Regulations do require a developer to provide specified information in a timely manner. The main risk to the developer comes from not providing sufficient information, which can then lead to challenge and delay. 


A minority of developers, usually those who have failed to provide sufficient information and are then hit by delays, get predictably grumpy. This is what happened at Hinkley. Successive attempts to wriggle out of planning requirements, plus issues with no connection to nature, have caused delays. The developers have in some ways been the authors of their own misfortune and are now looking to project blame. Some frustrated developers always resort to blaming the Habitat Regulations – par for the course.  

The Habitat Regulations, which have been in place in the UK for over thirty years, have succeeded in preserving some of last strongholds for wildlife whilst nature has declined outside their boundaries.

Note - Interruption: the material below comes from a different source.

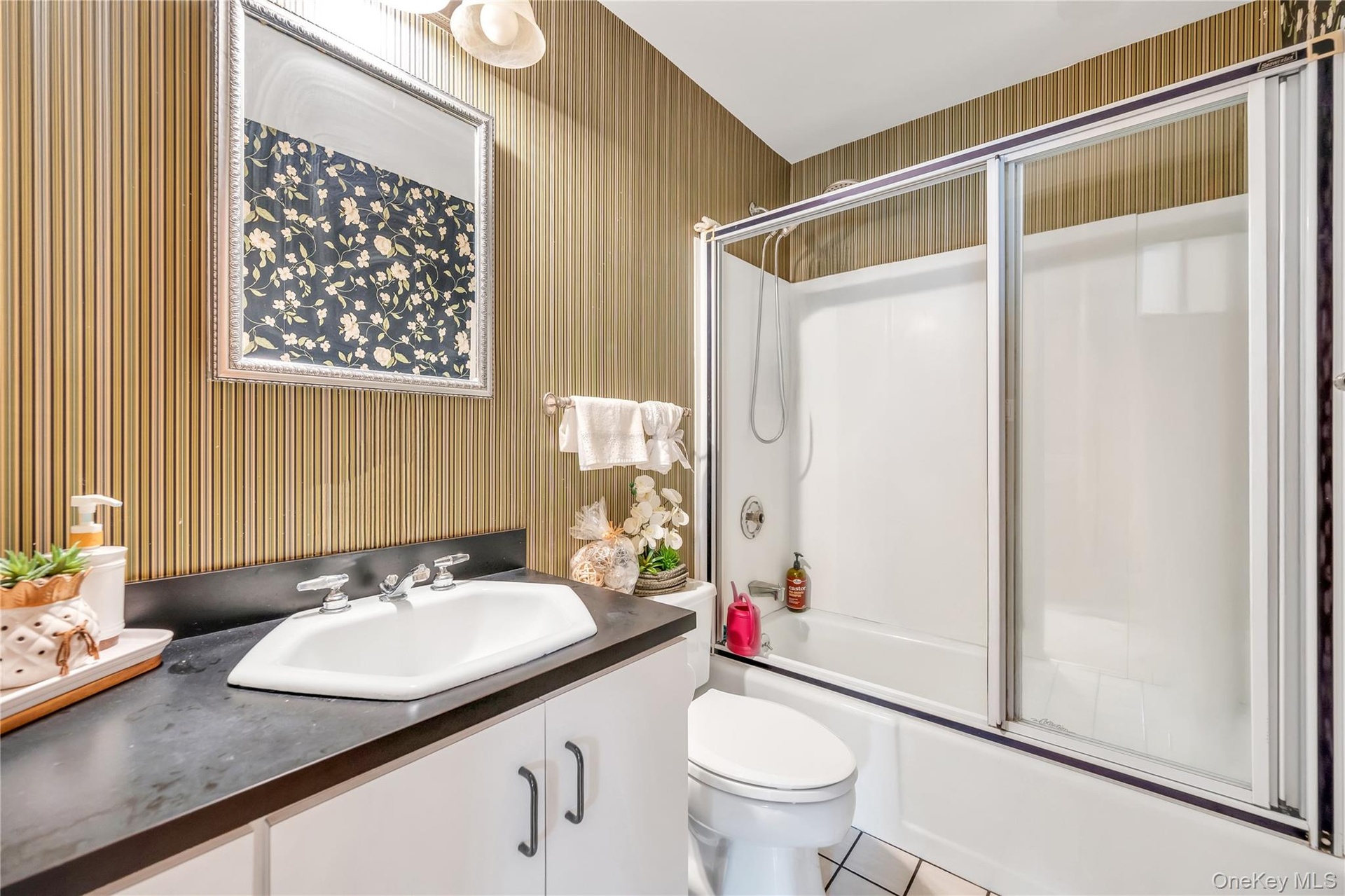 Full bath with wallpapered walls, vanity, combined bath / shower with glass door, and tile patterned flooring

Three decades is enough time for any developer to understand how these rules work. 

Countless residential and energy developers, including on nuclear sites, have successfully worked with the system to bring forward development in a way that prevents harm to precious wild spaces. Defra reviewed the Habitats Regulations from an economic perspective in 2012 and found them to be ‘working well, allowing both development of key infrastructure and ensuring that a high level of environmental protection is maintained.’  

Five – yes, five - further reviews of environmental regulation since then, have reached similar conclusions.  

 
Deception by misrepresentation


Private gain versus public good: the great distortion

And now we come to the most blatant lobbyist trick: claims that cuts to developer’s costs automatically translate to public good. This has been especially apparent in the response to our criticism of the Nuclear Regulatory Review. 

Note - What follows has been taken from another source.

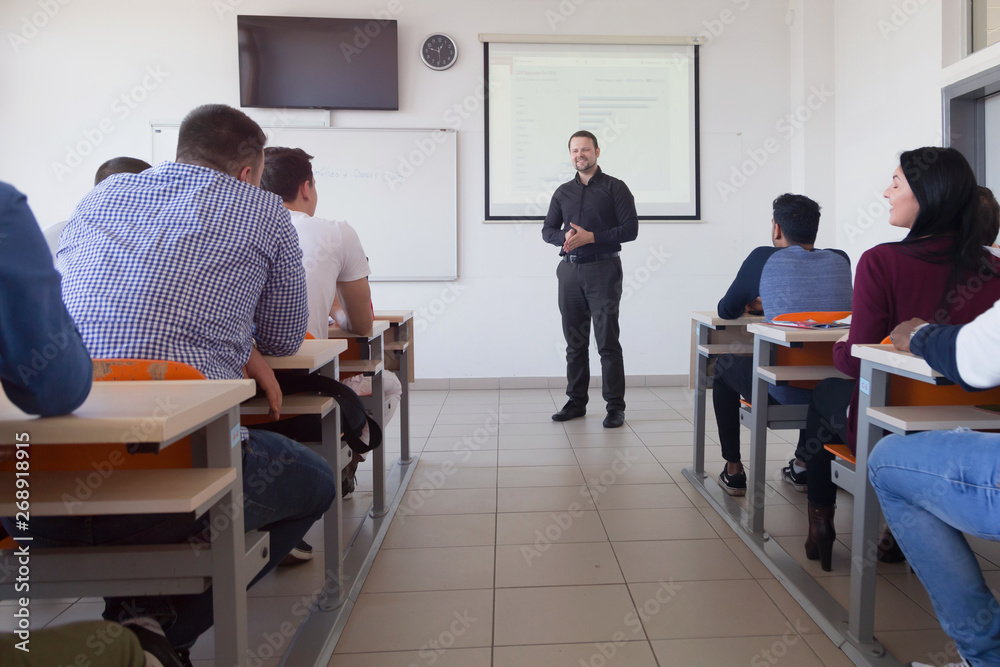 Male professor explain lesson to students and interact with them in the classroom.Helping a students during class. University student being helped by male lecturer during class.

The lobbyist fraternity have accused The Wildlife Trusts, and all the conservation charities that are standing with us, of stopping energy bills from becoming cheaper and even of getting in the way of nuclear’s contribution to net zero. 

This is confected outrage, deployed for cynical ends. Nature groups are defending mitigation measures costing £50 million at Hinkley C, out of an overall project cost that has swelled to £46 billion - huge costs that are due largely to developer decisions and wider issues which have nothing to do with nature.  

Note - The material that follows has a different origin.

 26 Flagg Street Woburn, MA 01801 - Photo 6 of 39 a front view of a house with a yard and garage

While £50 million is a huge sum, it is 0.1% of the overall cost - not a scale that could block or even seriously impede any project. If all nature mitigations are removed across the planning system, nuclear power might get around 0.1% cheaper to deliver, trivial for deployment prospects. 

It is also negligible in terms of impacts on energy bills, even if we can assume developers would pass the 0.1% cost saving on to consumers. Precedent after precedent suggests the opposite; corporates typically turn cost reductions from deregulation into increased profits, not consumer savings. 

And this, at the end, is the crux. The planning system is supposed to balance private gain with public good. 

These latest attempts at environmental deregulation aim to tilt that balance ever closer to private gain, by fudging the lines and asserting that developer gain is the same thing as public good.  

A 0.1% boost to developer profits is not inherently injurious to the public good but it is detrimental to the public when the cost is the desecration of some of our last remaining wild spaces, and resulting acceleration of nature’s decline. The consequences of this acceleration have been starkly set out in the National Security Assessment on global biodiversity loss. Consequences include ‘water insecurity, crop failures, fisheries collapse and intensified natural disasters’. To claim that a boon to developers which heightens the risk of these calamities is, overall, a public good feels grotesque. 


We won't be deceived

And so, whatever some quarters of Westminster say, The Wildlife Trusts, our supporters and partners will continue to call out the illusionists seeking to distort this debate, and planning policy overall. 

Together we can pull back the wizard’s curtain to reveal what lies behind it – corporate lobbyists seeking boosted profits, regardless of public cost. As ecological disaster comes closer, the Government must stand with the public and see through the deregulation conjuring trick.